Saturday, July 16, 2016

The Power of Wishful Thinking

Tim Harford writes a great column (The Undercover Economist) for the Financial Times.  This weekend's essay is titled, "Brexit and the Power of Wishful Thinking."   He derives an important lesson from the widespread Brexit analysis about the way we adhere to our preexisting beliefs.   

Harford begins by describing an experimental study conducted by Guy Mayraz.  In this research, Mayraz asks research subjects to predict the future price of wheat.   He first provides participants with 3 months worth of historical wheat price data.  He informs the subjects that they will be paid based on the accuracy of their forecasts.   Mayraz assigns 1/2 of the participants to play the role of a farmer, while the other 1/2 of the subjects play the role of the baker.  What happens?  According to Harford, "Nearly two-thirds of farmers predicted higher-than-average prices, and nearly two-thirds of bakers predicted lower-than-average prices.  People tended to predict that their dreams would come true."    Harford then draws a connection to the Brexit situation.   He argues that Remain supporters engaged in rampant wishful thinking leading up to the vote by they British public.  People tended to forecast that their dreams would come true, rather than looking objectively at the situation. 

Similarly, Harford argues that many people have displayed confirmation bias in their post-vote analysis.  He counts himself as one of the culprits.  Harford explains that he looked at the drop in the value of the pound and the decrease in the FTSE 100 index as support for his preexisting view that Brexit would have a painful impact on the UK economy.  On the other hand, he dismissed the subsequent stock market rebound because it did not support his position.  "I accepted bad news when it chimed with my beliefs, and dismissed good news when it did not." 
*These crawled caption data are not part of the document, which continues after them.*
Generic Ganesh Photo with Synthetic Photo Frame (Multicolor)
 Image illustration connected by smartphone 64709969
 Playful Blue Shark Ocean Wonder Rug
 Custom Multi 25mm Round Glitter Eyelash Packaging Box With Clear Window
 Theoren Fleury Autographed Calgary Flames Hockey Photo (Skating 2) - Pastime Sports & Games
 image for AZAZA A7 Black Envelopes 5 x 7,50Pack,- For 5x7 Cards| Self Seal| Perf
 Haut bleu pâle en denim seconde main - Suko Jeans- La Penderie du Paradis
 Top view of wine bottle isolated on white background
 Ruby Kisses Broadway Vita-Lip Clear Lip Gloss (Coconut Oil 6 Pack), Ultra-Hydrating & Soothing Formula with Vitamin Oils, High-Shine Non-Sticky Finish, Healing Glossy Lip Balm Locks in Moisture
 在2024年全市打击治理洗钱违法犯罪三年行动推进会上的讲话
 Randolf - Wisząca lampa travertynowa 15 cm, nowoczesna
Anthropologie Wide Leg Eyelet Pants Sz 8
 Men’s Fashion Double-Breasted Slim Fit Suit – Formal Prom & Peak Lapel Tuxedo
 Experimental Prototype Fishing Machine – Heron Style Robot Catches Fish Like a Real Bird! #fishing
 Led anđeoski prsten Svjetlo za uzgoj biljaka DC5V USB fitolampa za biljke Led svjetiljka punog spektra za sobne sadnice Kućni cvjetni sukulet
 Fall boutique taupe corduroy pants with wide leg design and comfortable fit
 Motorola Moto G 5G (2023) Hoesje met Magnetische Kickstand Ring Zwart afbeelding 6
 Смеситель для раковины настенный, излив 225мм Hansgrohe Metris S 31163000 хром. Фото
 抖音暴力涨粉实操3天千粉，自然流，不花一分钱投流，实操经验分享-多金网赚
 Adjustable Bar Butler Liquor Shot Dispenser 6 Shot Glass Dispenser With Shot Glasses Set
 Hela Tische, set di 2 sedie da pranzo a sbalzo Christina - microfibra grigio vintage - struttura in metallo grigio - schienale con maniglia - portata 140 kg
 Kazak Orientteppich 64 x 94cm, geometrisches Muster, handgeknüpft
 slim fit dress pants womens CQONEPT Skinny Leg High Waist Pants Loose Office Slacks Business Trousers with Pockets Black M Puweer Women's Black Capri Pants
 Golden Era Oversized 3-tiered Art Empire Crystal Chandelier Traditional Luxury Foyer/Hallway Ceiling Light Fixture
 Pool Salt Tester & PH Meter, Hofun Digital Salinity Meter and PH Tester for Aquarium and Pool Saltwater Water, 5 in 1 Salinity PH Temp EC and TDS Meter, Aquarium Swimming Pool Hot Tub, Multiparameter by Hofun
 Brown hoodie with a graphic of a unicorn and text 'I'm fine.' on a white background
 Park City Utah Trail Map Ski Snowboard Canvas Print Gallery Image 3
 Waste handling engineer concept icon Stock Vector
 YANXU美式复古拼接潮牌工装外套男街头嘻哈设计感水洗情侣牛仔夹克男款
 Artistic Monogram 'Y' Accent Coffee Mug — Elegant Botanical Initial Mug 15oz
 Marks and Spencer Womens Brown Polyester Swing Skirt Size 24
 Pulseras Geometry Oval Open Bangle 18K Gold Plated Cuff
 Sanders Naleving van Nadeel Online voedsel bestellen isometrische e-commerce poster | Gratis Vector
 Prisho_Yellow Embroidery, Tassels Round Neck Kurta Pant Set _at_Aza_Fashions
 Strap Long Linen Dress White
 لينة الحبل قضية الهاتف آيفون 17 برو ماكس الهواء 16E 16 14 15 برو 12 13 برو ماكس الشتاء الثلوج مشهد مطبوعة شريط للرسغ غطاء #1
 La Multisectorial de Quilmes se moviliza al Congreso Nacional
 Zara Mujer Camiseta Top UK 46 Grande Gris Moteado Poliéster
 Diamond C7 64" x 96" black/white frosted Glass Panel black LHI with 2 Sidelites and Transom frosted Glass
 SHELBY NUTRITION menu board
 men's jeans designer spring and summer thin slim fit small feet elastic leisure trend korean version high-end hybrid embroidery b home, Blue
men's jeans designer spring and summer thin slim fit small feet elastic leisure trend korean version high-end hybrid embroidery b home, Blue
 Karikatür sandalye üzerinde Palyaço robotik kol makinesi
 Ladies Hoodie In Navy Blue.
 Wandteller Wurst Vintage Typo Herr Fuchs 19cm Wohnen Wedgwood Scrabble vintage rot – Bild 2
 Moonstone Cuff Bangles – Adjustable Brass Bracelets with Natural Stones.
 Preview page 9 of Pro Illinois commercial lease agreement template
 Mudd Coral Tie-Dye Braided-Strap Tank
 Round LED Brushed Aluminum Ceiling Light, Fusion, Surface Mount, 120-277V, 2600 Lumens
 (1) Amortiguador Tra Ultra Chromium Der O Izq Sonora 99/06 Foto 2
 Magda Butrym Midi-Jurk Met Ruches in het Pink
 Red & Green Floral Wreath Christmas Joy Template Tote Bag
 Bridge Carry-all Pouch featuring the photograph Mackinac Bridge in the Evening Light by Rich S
What should we do about this wishful thinking and confirmation bias?   Harford advocates for scenario planning rather than to construct single forecasts.   Harford writes, "Because scenarios are persuasive stories, they can help us face up to uncomfortable prospects and think clearly about possibilities we would rather ignore.  And because scenarios contradict each other, they force us to acknowledge that, in the end, we cannot actually see into the future."